I don't see how the Clausius theorem (which is given formally at the beginning of the article) follows from the conclusion above.

Anyone know?

--Masud 14:51, 12 June 2006 (UTC)[reply]

Incidentally, I find the proof given here more understandable (than other proofs based on separating a reversible cycle into many Carnot cycles): http://theory.ph.man.ac.uk/~judith/stat_therm/node30.html.

Anyone up for incorporating that into this article?

--Masud 14:48, 13 June 2006 (UTC)[reply]

Hope my edit now makes sense. Aritrop (talk) 06:42, 15 March 2015 (UTC)[reply]

The inequality signs in this article are backwards, the original paper is below:

• Clausius, R. (1865). The Mechanical Theory of Heat – with its Applications to the Steam Engine and to Physical Properties of Bodies. London: John van Voorst, 1 Paternoster Row. MDCCCLXVII.

The whole page will need to be cleaned. --Sadi Carnot 15:35, 30 September 2007 (UTC)[reply]

• That so-called "source" is on a vanispamcruftizement and suspect. — Coren ^(talk) 02:30, 20 October 2007 (UTC)[reply]

The beginning of the article uses the ≥ sign, while the second half uses ≤. Which is it? — Preceding unsigned comment added by 166.249.96.45 (talk) 13:28, 18 December 2011 (UTC)[reply]

The first one was right. I corrected the other one. The same user also changed the sign in the Second Law of Thermodynamics article. 129.247.247.239 (talk) 14:23, 19 December 2011 (UTC)[reply]

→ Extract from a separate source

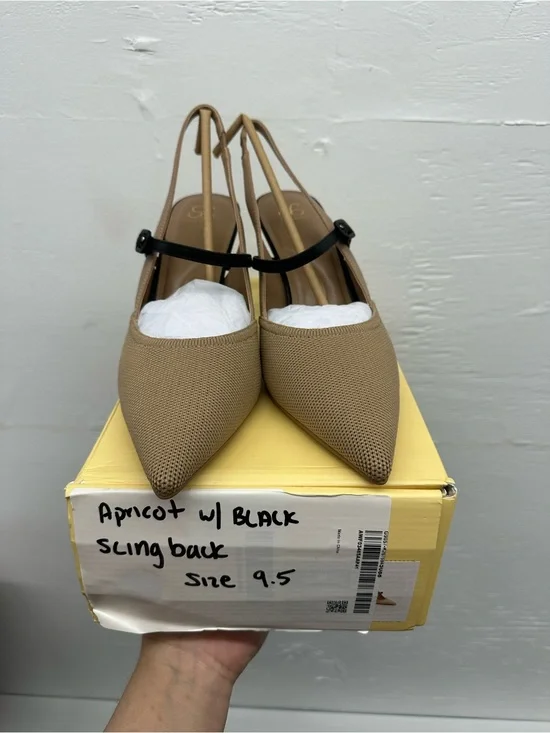 COSYISLAND apricot w/ black sling back heel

As of Sept. 2012, the sign convention switching in this article ruins it for parsing by someone who isn't already familiar. — Preceding unsigned comment added by 173.25.54.191 (talk) 20:05, 11 September 2012 (UTC)[reply]

The article needs to be tweaked. It could either say about Clausius Theorem or Clausius Inequality. The theorem is a part of and derived from the Inequality. The article misguides and confuses between the Theorem and Inequality. Looking for opinions, before i make the edit. 7Sidz (talk) 09:15, 21 January 2014 (UTC)7Sidz[reply]

The step here

According to the nature of Carnot cycle,

${\displaystyle {\frac {\delta Q}{T}}={\frac {\delta Q_{0}}{T_{0}}}}$

is questionable. In the Carnot cycle as given, ${\displaystyle \delta Q}$ and ${\displaystyle \delta Q_{0}}$ are arbitrary small changes that don't even occur at the same time. How can there be any meaningful equality?
Suspecting a misuse of

${\displaystyle {\frac {Q_{H}}{T_{H}}}={\frac {Q_{L}}{T_{L}}}}$

Waiting for input before I rewrite the proof. Roamingcuriosity (talk) 16:31, 27 October 2014 (UTC)[reply]

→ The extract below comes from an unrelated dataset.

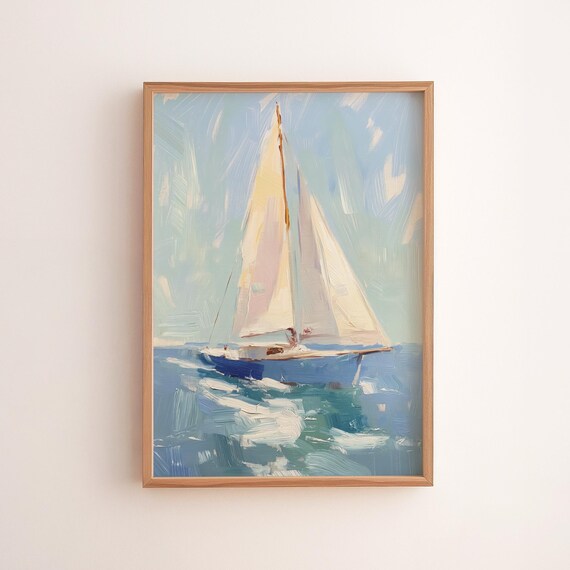 White Sailboat Blue Sea Sailing Impressionist Seascape Poster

the differential equation is used in deriving the theorem because any reversible cycle can be divided into number of small carnot cycle

Hey, sorry, I just made an edit to the proof. I removed the entire reference to the Carnot cycle. Please let me know if this should have to be altered. Aritrop (talk) 01:05, 16 March 2015 (UTC)[reply]

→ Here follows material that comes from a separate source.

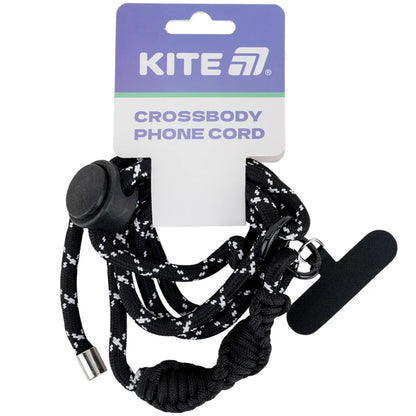 Czarny pasek na szyję do telefonu Kite w opakowaniu z kartonowym nagłówkiem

Isn't ${\displaystyle \delta S{=}{\frac {\delta Q}{T}}}$ true for reversible processes only? For the total entropy to be ${\displaystyle \geq }$ 0, the entropy of the reservoir certainly must increase if the entropy of the system were to remain the same, but for irreversible processes, the relationship between ${\displaystyle \Delta S}$ and ${\displaystyle \int {\frac {\delta Q}{T}}}$ is not direct.172.9.11.103 (talk) 07:11, 14 July 2017 (UTC)[reply]

No. By the definition of entropy, delta S is (always) equal to delta Q divided by T.

The Inequality of Clausius states that the heat transferred (delta Q), divided by T, will always be greater than, or equal to, zero. It will only be zero in a reversible process.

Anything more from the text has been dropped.